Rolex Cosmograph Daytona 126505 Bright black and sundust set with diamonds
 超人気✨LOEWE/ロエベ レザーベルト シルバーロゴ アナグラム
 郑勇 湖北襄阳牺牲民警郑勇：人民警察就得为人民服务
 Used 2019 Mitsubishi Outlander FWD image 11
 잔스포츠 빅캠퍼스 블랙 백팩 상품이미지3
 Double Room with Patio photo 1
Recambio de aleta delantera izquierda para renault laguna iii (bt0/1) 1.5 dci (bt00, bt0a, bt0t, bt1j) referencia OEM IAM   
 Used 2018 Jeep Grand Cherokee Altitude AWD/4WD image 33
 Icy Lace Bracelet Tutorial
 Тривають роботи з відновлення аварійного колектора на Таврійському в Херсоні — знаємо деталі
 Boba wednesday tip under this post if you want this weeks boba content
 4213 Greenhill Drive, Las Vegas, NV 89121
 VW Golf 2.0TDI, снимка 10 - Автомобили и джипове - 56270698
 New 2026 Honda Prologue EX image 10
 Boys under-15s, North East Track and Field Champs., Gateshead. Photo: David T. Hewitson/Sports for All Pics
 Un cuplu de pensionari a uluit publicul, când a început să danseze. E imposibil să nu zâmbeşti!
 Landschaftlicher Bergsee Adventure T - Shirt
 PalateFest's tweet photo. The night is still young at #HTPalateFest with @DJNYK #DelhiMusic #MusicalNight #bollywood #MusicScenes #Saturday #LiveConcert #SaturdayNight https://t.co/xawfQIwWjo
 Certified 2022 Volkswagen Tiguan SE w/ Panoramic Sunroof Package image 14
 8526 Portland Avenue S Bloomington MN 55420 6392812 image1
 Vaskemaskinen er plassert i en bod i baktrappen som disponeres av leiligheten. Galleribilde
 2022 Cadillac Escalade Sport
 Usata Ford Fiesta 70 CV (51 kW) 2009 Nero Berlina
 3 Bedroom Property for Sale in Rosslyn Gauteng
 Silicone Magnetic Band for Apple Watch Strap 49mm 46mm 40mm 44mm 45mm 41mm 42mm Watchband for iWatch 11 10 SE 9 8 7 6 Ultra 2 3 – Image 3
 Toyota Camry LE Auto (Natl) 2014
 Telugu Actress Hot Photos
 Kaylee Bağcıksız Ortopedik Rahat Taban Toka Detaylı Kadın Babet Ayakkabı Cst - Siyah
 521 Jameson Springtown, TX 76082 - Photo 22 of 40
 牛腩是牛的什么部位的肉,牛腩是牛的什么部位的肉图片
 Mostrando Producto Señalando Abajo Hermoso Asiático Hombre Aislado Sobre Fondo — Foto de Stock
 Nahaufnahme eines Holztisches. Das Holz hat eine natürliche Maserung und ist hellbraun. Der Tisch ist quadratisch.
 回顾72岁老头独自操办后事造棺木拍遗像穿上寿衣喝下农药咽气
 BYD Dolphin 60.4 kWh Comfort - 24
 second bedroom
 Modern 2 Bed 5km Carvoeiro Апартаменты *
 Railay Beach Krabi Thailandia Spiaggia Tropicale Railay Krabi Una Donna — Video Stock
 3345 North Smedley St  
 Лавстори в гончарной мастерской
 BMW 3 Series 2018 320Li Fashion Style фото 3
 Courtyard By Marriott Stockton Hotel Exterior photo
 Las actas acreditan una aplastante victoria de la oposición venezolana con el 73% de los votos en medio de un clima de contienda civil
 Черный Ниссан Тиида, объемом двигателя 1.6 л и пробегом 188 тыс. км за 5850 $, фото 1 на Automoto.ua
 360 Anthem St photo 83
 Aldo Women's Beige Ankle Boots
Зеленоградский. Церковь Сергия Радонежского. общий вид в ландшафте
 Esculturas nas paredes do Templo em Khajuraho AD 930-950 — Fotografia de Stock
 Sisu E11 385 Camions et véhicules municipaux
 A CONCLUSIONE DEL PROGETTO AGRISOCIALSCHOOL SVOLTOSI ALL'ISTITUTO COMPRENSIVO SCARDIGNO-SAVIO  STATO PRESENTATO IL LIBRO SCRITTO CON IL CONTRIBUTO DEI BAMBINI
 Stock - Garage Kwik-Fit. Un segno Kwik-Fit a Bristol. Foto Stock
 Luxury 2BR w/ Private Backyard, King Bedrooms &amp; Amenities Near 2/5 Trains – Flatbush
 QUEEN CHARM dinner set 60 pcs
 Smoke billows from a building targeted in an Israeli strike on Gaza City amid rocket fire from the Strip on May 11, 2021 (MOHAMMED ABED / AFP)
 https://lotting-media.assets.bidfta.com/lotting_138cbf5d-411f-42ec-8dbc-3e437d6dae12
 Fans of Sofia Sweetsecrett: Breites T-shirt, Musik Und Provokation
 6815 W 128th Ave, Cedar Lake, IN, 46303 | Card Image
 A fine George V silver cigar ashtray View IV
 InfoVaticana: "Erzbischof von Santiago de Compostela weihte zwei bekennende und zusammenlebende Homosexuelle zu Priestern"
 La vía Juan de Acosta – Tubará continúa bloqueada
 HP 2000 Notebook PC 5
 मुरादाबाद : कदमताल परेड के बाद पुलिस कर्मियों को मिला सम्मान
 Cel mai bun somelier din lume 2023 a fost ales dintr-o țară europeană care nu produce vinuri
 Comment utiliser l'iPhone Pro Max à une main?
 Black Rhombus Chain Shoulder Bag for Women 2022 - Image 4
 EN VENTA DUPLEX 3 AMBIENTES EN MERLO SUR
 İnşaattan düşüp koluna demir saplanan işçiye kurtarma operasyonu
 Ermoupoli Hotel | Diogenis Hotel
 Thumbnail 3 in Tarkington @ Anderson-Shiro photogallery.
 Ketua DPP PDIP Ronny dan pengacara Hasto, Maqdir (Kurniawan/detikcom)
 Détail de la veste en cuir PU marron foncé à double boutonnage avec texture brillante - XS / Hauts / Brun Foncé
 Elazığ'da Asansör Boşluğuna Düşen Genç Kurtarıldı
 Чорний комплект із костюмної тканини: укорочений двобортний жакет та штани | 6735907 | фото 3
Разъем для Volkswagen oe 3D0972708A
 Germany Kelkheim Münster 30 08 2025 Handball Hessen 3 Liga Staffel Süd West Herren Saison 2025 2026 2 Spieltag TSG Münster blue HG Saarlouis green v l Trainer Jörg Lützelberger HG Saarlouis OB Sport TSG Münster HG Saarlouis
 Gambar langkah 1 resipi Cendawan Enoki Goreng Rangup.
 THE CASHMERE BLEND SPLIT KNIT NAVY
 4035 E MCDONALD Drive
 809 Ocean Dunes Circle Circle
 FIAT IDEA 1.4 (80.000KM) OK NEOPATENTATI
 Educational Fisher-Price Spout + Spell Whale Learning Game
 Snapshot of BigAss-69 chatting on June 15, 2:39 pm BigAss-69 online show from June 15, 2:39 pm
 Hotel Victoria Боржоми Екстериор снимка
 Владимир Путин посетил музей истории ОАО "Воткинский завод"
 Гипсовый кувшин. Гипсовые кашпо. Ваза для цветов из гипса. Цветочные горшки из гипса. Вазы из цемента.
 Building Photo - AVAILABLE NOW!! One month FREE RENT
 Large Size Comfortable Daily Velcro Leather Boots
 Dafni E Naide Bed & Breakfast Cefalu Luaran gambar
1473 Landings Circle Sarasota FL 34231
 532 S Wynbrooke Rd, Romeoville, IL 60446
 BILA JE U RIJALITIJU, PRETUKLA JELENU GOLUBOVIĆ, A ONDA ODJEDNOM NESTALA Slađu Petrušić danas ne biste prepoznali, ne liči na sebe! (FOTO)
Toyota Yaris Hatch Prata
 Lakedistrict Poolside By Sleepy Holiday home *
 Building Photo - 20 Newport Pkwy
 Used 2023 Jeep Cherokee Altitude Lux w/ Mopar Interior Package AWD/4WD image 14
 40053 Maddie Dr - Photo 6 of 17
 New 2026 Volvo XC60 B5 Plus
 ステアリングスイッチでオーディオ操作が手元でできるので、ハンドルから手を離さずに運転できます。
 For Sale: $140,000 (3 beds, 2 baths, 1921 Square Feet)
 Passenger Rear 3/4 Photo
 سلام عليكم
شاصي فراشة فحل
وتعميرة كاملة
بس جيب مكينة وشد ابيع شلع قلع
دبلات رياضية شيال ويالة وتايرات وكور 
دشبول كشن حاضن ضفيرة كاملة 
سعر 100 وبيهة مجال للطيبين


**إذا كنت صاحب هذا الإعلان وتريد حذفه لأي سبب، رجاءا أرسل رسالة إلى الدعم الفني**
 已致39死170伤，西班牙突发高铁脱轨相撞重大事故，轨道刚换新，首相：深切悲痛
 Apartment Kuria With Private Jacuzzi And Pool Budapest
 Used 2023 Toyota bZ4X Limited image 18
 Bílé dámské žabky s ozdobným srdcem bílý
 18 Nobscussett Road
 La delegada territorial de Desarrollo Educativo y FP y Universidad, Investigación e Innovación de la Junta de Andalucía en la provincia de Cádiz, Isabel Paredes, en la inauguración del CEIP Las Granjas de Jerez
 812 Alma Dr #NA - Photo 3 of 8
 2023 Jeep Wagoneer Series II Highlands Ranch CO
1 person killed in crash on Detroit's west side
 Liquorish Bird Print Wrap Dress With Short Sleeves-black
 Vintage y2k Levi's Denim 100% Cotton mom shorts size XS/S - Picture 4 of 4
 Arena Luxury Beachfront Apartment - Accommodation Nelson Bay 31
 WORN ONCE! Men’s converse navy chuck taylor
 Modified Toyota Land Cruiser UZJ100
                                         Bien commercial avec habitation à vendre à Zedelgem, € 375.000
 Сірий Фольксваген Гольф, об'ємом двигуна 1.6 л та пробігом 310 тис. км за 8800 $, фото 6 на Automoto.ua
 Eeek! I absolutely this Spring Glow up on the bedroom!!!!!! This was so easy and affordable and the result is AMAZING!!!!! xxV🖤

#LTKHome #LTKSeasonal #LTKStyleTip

§ EXERCISE OBJECTIVE:
Could you copy every line from the records that has "https" in it?

§ OUTPUT BELOW:
 PalateFest's tweet photo. The night is still young at #HTPalateFest with @DJNYK #DelhiMusic #MusicalNight #bollywood #MusicScenes #Saturday #LiveConcert #SaturdayNight https://t.co/xawfQIwWjo
 https://lotting-media.assets.bidfta.com/lotting_138cbf5d-411f-42ec-8dbc-3e437d6dae12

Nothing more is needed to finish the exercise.